PROBLEM
Provide again, from the entries below, every line from the one containing "Đình làng Tri" through the one containing "1992 - 1997", exactly as written, and no other line.

TASK DATA
::::::::::

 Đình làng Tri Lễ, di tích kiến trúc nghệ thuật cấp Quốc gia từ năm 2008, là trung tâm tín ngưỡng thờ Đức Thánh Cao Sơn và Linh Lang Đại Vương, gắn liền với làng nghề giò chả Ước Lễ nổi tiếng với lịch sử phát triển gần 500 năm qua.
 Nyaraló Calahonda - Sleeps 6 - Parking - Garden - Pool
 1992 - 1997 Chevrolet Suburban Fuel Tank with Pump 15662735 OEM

::::::::::

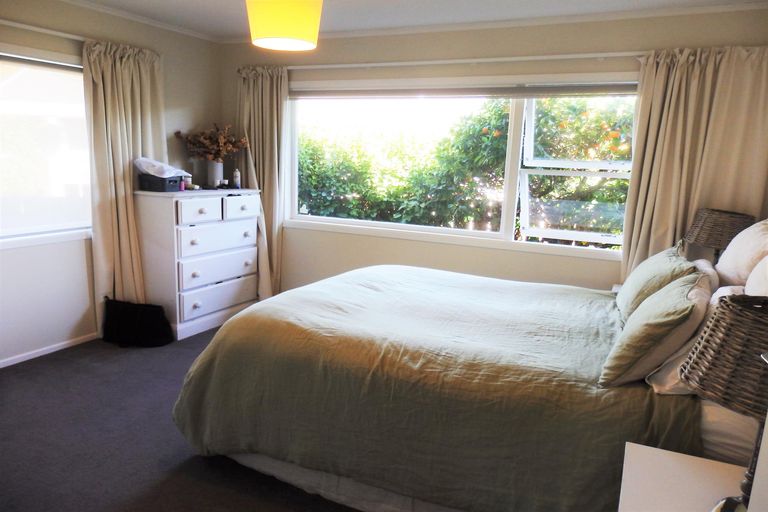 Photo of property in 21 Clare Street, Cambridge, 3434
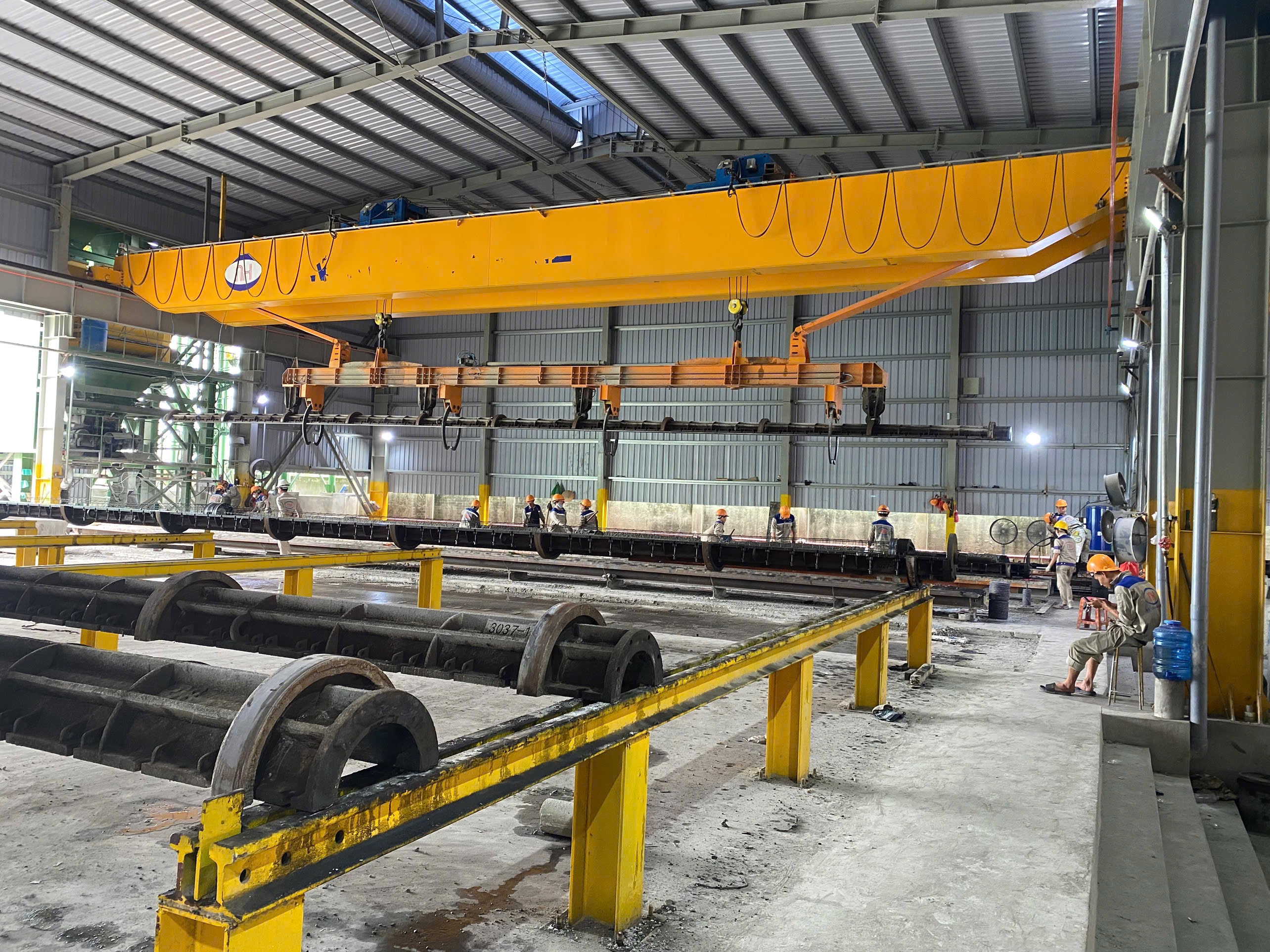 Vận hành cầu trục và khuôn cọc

::::::::::

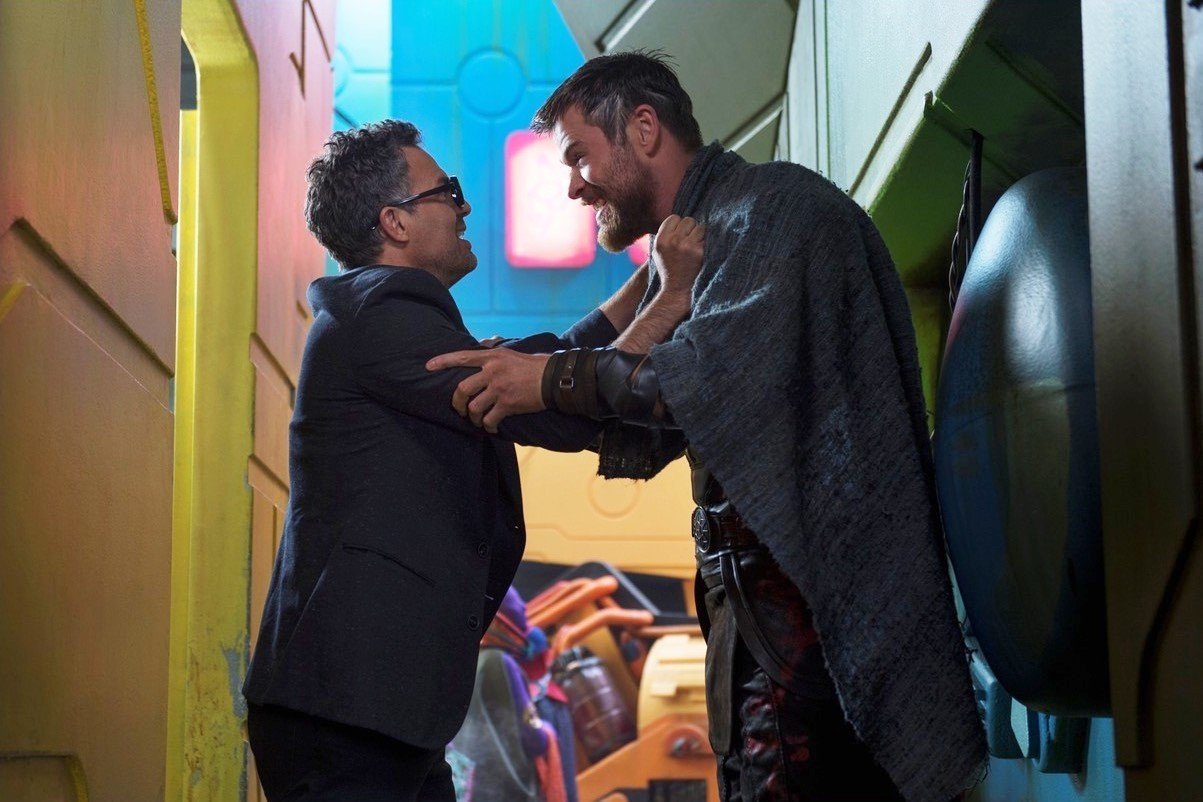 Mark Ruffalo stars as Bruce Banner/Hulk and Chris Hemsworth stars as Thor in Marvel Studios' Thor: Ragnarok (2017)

::::::::::

RESPONSE TO THIS TASK
 Đình làng Tri Lễ, di tích kiến trúc nghệ thuật cấp Quốc gia từ năm 2008, là trung tâm tín ngưỡng thờ Đức Thánh Cao Sơn và Linh Lang Đại Vương, gắn liền với làng nghề giò chả Ước Lễ nổi tiếng với lịch sử phát triển gần 500 năm qua.
 Nyaraló Calahonda - Sleeps 6 - Parking - Garden - Pool
 1992 - 1997 Chevrolet Suburban Fuel Tank with Pump 15662735 OEM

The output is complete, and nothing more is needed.